*Information given:*
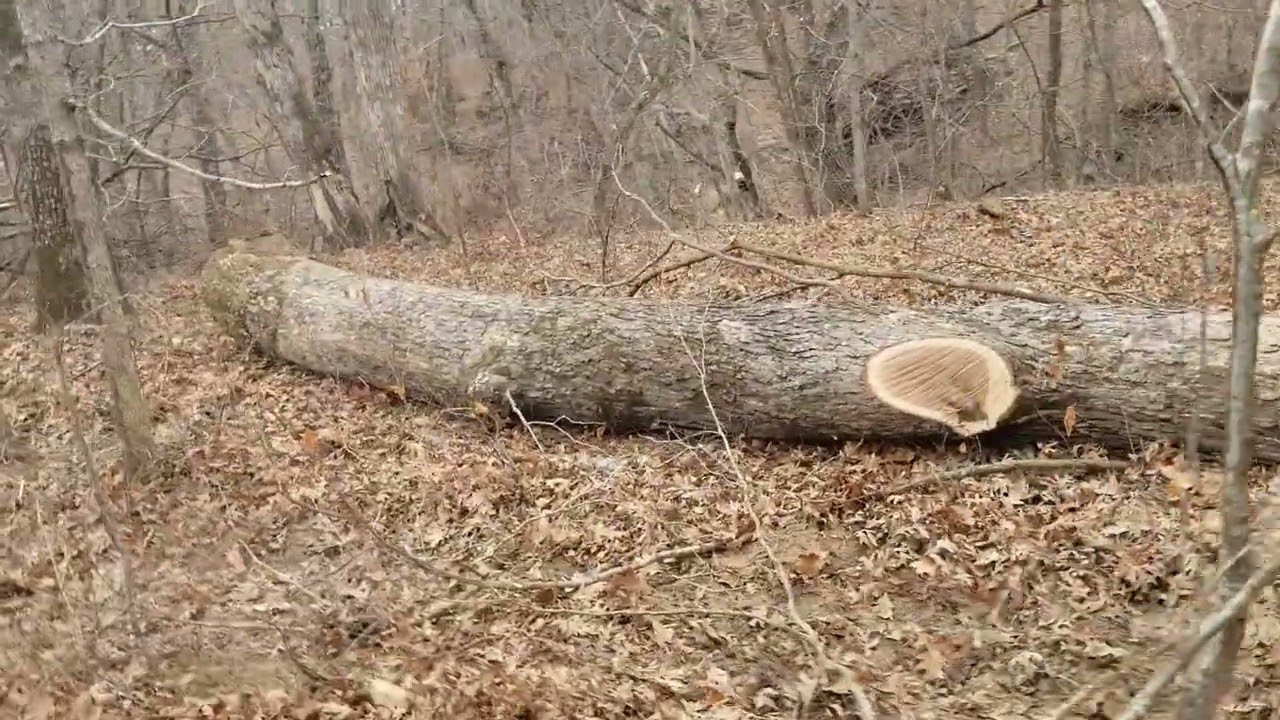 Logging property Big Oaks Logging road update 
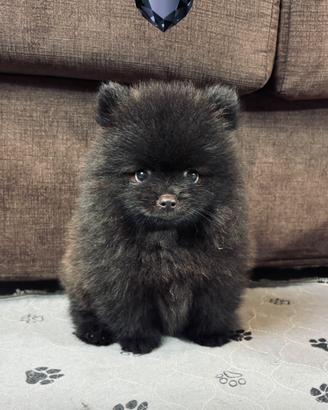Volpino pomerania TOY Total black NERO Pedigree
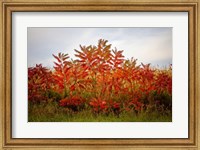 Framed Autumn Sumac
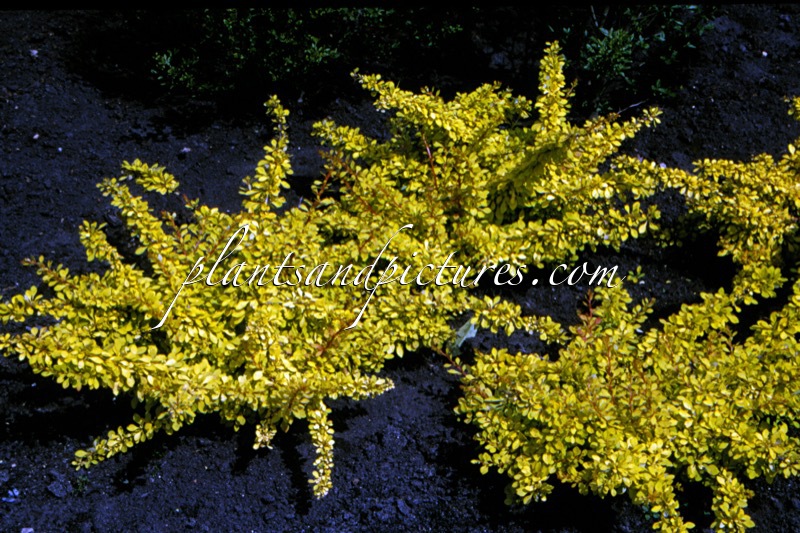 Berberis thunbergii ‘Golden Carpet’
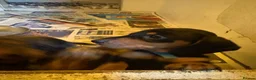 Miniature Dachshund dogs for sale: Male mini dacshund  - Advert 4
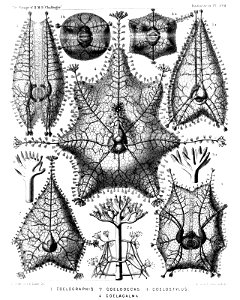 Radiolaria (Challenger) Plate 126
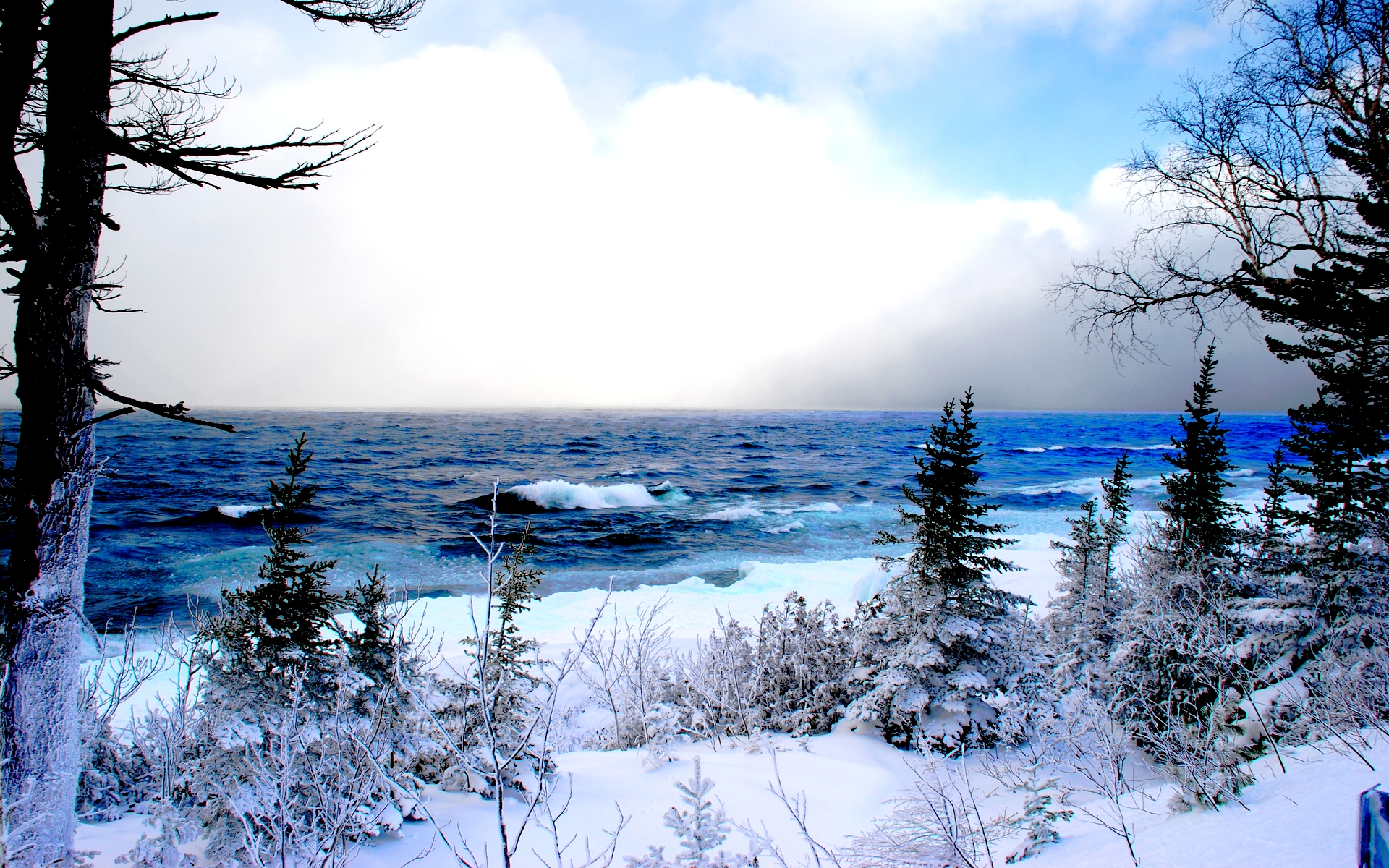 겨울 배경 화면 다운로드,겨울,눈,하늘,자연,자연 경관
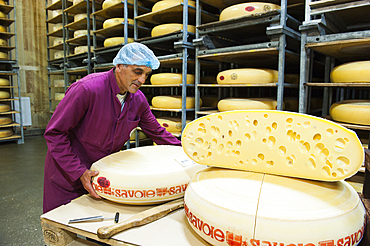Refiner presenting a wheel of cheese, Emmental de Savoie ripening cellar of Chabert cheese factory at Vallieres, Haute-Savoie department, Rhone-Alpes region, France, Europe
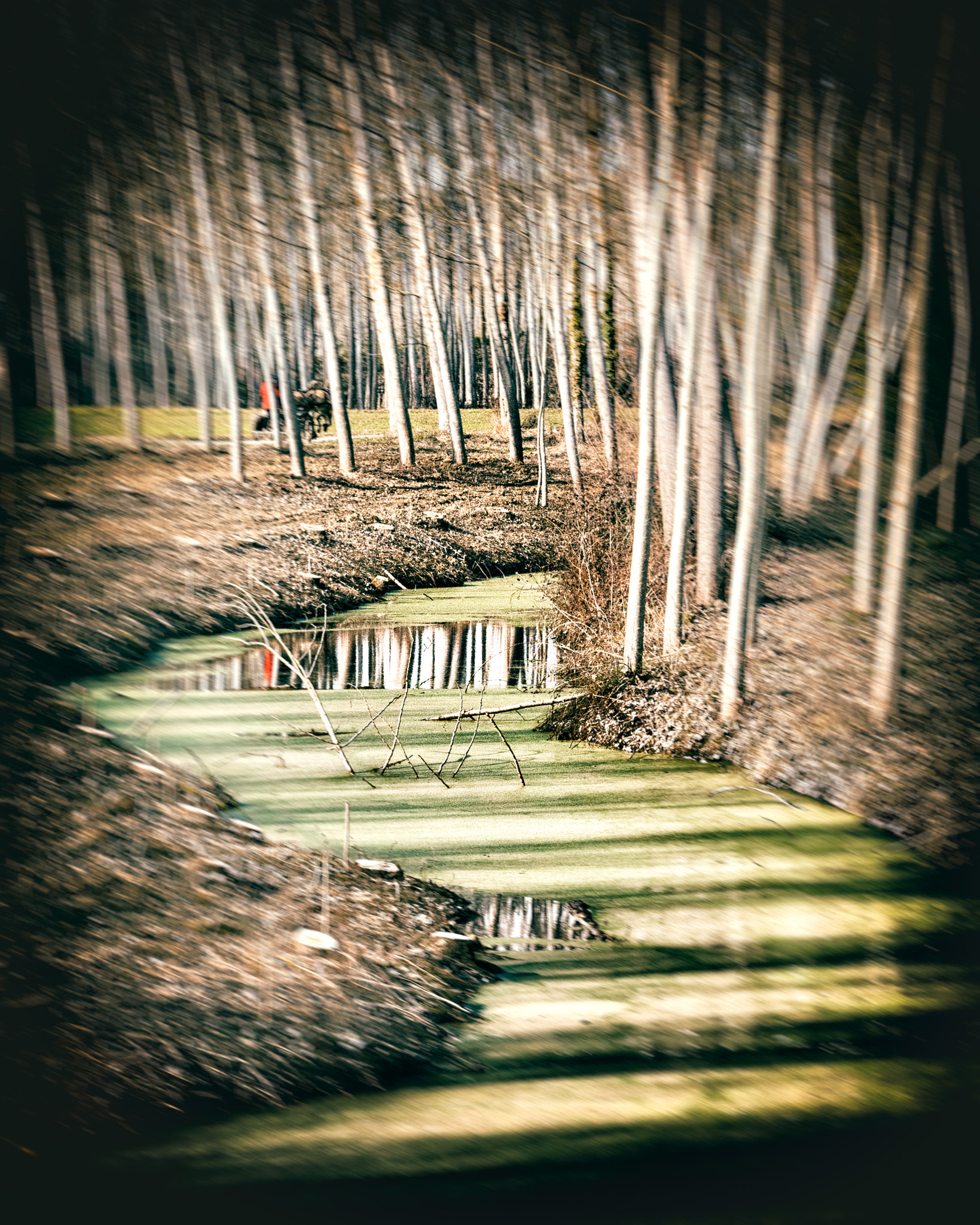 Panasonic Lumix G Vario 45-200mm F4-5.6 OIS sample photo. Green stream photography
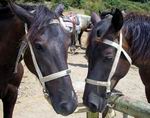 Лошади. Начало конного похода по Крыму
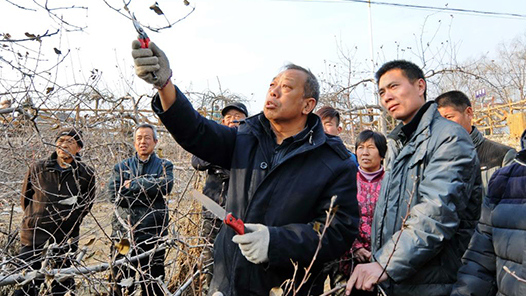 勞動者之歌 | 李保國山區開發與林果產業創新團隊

*Task directions:* For every entry above, write it out exactly and remove any image.

*Response area:*
 Logging property Big Oaks Logging road update 
Volpino pomerania TOY Total black NERO Pedigree
 Framed Autumn Sumac
 Berberis thunbergii ‘Golden Carpet’
 Miniature Dachshund dogs for sale: Male mini dacshund  - Advert 4
 Radiolaria (Challenger) Plate 126
 겨울 배경 화면 다운로드,겨울,눈,하늘,자연,자연 경관
Refiner presenting a wheel of cheese, Emmental de Savoie ripening cellar of Chabert cheese factory at Vallieres, Haute-Savoie department, Rhone-Alpes region, France, Europe
 Panasonic Lumix G Vario 45-200mm F4-5.6 OIS sample photo. Green stream photography
 Лошади. Начало конного похода по Крыму
 勞動者之歌 | 李保國山區開發與林果產業創新團隊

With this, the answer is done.